• _Work to complete_
Below is a listing. Quote from it, exactly, the lines from the one containing "Asiatische Löwe (Panthera" down to the one containing "Mildly Adventurous on the Camino de Santiago", both ends included, and nothing else.
══ Data ══
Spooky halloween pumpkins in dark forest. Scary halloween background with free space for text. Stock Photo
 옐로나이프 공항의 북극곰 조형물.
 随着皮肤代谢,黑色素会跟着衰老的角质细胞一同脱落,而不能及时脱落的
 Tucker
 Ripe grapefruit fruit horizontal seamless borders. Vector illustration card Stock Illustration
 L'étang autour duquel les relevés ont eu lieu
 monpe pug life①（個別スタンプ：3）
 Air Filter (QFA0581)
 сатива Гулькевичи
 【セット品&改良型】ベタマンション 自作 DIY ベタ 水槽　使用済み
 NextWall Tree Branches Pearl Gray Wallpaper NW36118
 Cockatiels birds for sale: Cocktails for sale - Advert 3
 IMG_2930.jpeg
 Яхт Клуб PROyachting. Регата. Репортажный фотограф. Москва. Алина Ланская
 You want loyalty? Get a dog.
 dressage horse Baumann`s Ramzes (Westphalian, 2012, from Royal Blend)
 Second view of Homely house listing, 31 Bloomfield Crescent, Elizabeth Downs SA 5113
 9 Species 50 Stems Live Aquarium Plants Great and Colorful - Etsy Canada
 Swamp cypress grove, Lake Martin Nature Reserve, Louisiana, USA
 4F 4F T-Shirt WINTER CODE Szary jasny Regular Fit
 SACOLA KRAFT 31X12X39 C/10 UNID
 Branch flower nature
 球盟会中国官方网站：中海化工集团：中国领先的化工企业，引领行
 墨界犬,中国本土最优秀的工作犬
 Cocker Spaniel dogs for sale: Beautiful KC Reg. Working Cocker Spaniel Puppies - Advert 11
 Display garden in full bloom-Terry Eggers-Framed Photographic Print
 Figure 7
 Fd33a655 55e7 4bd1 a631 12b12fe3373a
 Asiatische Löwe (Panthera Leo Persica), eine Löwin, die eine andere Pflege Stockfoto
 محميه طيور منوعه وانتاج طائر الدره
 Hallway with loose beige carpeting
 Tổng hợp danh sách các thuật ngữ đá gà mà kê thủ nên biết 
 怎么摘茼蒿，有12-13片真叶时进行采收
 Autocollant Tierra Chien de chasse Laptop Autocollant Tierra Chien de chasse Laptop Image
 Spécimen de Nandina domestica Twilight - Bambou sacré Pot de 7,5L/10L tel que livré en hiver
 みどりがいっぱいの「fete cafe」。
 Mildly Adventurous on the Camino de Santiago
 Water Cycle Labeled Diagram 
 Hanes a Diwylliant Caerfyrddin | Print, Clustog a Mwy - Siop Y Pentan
═══
• _Finished exercise_
 Asiatische Löwe (Panthera Leo Persica), eine Löwin, die eine andere Pflege Stockfoto
 محميه طيور منوعه وانتاج طائر الدره
 Hallway with loose beige carpeting
 Tổng hợp danh sách các thuật ngữ đá gà mà kê thủ nên biết 
 怎么摘茼蒿，有12-13片真叶时进行采收
 Autocollant Tierra Chien de chasse Laptop Autocollant Tierra Chien de chasse Laptop Image
 Spécimen de Nandina domestica Twilight - Bambou sacré Pot de 7,5L/10L tel que livré en hiver
 みどりがいっぱいの「fete cafe」。
 Mildly Adventurous on the Camino de Santiago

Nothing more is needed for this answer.